MOSCOW (AP) -- Syria has allowed Russia to significantly expand its naval facility in the Mediterranean port of Tartus and keep using it for decades to come, according to an agreement released on Friday.
The facility is the only such outpost Russia has outside the former Soviet Union. The Russian military has used Tartus to back its campaign in support of Syrian President Bashar Assad against fighters battling to oust him.
Under the agreement, which was signed in Damascus on Wednesday, Syria has offered Russia free use of the Soviet-era facility for 49 years. The term can be automatically extended for further 25-year periods if neither side objects.
The deal also allows Russia to modernize the site so that it can host up to 11 ships at a time, including the nuclear-powered ones. For now, Tartus only has room for a couple of mid-sized ships at a time. The Soviet Union first signed a deal with Syria to establish the facility in 1983.
The new agreement says that the Russian facility in Tartus will help "support peace and stability in the region," adding that "it has a defensive character and isn't directed against any other nation."
It also says the Russian military will ensure air defense of Tartus and also protect it from the sea. The agreement also stipulates that Russia will help Syria restore its Soviet-built warships.

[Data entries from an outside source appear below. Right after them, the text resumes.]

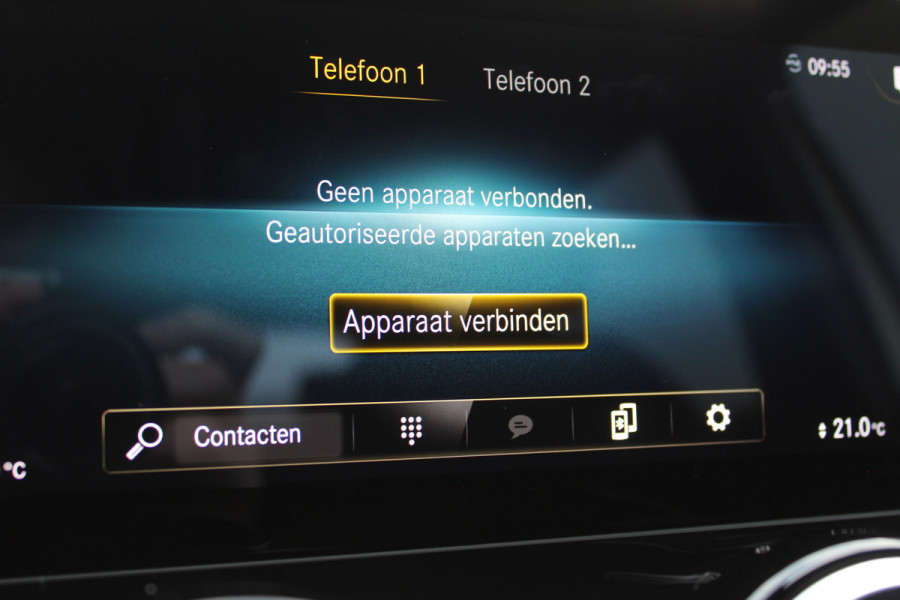 Mercedes-Benz B-Klasse 180 Business Solution AMG | Camera | Stoelverwarming | Dealer Onderhouden | Wide Screen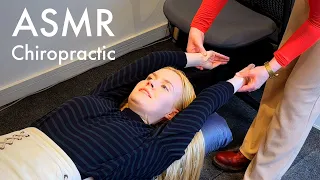 All my chiropractic consultations with Cranial Nerve Exams (Unintentional ASMR)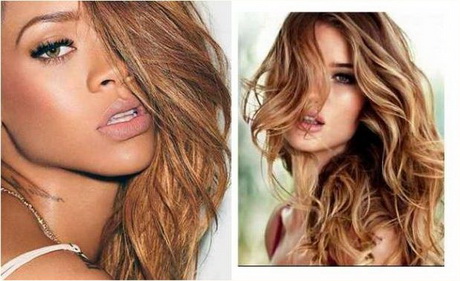 Haarfarben trend 2017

Last August, Russian lawmakers ratified another deal allowing Russia to keep its forces at the Hemeimeem air base in Syria's coastal province of Latakia, Assad's Alawite heartland, for as long as it wants. The deal was signed in August 2015 in Damascus, a month before the Russian air campaign began.
The Russian military intervention has helped shore up Assad and allowed his troops to reclaim key ground, including the nation's largest city of Aleppo that was fully reclaimed by the government last months following fierce battles.